Comment les parents requérant·e·s d’asile peuvent-ils/elles être renforcé·e·s dans leurs ressources?

Rebecca Mörgen: lors des entretiens, il est apparu clairement qu’un défi important pour les parents est qu’ils/elles ne se sentent pas pris·es au sérieux par différentes parties prenantes, notamment le personnel du centre. Selon nous, c’est une condition essentielle pour l’orientation des ressources que les parents soient pris·es au sérieux dans leur rôle difficile et qu’ils/elles se sentent reconnu·e·s dans leurs besoins au quotidien. En outre, il est utile de s’appuyer sur les ressources existantes des parents. Par exemple, le plaisir d’être dans la nature peut être utilisé volontairement. De plus, il faudrait essayer activement de réactiver des activités que les familles pratiquaient auparavant. Selon nous, cela consiste à mettre à disposition des choses comme un ballon de basket.

L’objectif devrait être de décharger les parents, y compris concernant le devoir de surveillance et d’accompagnement permanent de leurs enfants. Pour cela, un réseau de soutien peut être important. D’autres personnes de l’hébergement peuvent par exemple en faire partie. Pour décharger les parents, il est essentiel que la question de protection des enfants soit abordée. Les parents ne doivent pas avoir peur que leurs enfants soient menacé·e·s dans les espaces communs du centre. Il faut un environnement sûr pour les enfants.

Quelles sont les questions supplémentaires que la recherche et la pratique devraient aborder?

Alex Knoll: l’étude que nous avons réalisée n’est qu’un début. Nous avons maintenant de premiers résultats et des informations importantes du point de vue des parents et des enfants requérant·e·s d’asile, mais nous n’en savons pas encore assez. Quelles sont les conceptions éducatives des parents requérant·e·s d’asile et de quoi ont-ils/elles besoin pour être renforcé·e·s dans leur rôle?

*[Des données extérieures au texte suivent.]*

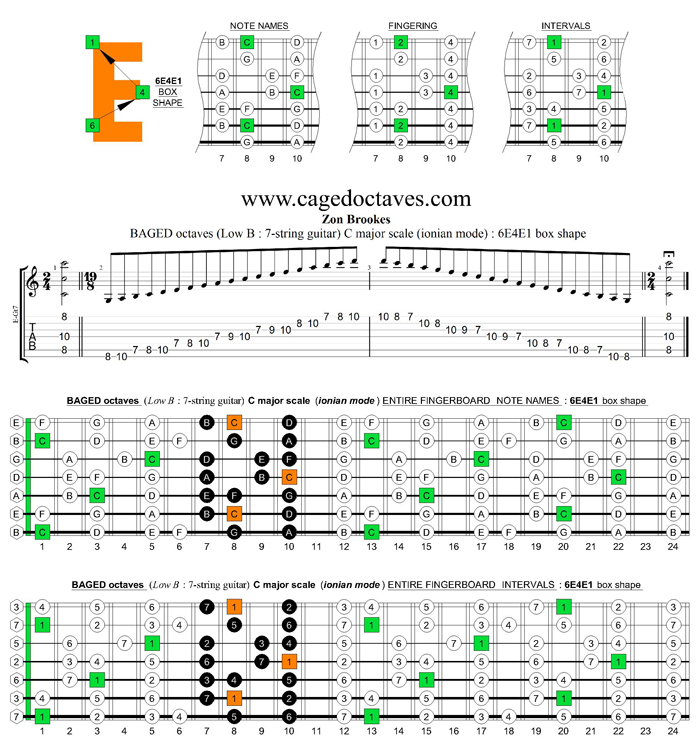 BAGED octaves C major scale (ionian mode) : 6E4E1 box shape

Les parents et le personnel du centre ont leurs propres idées éducatives tirées de leur contexte de socialisation. Parallèlement, des attentes à ce sujet leur sont adressées dans le pays de résidence, la Suisse, par exemple que les parents doivent toujours surveiller eux/elles-mêmes leurs enfants ou qu’il est important de jouer avec eux. Cela entraîne des tensions et des doutes au quotidien, voire des conflits. Nous en savons encore trop peu sur la manière dont les parents gèrent cette tension qu’ils/elles doivent surmonter, et ce avec moins de soutien que les parents sans expérience de l’exil.

Rebecca Mörgen: un sujet qui nous préoccupe aussi est le fait que les parents, tout comme leurs enfants, ont vécu des expériences stressantes et parfois traumatisantes, qui se répercutent sur leur bien-être psychosocial en tant que personne en général et sur leur rôle de parent. En tant que société mais aussi en tant que spécialistes, nous sommes appelé·e·s à continuer à mettre à disposition des structures de soutien et des offres appropriées, qui soient également à bas seuil. Ici, je pense par exemple à un café pour les parents. Il doit s’agir de lieux dans lesquels les gens avec et sans expérience de l’exil entrent en contact.

Nous avons maintenant de premiers résultats et des informations importantes du point de vue des parents et des enfants requérant·e·s d’asile, mais nous n’en savons pas encore assez.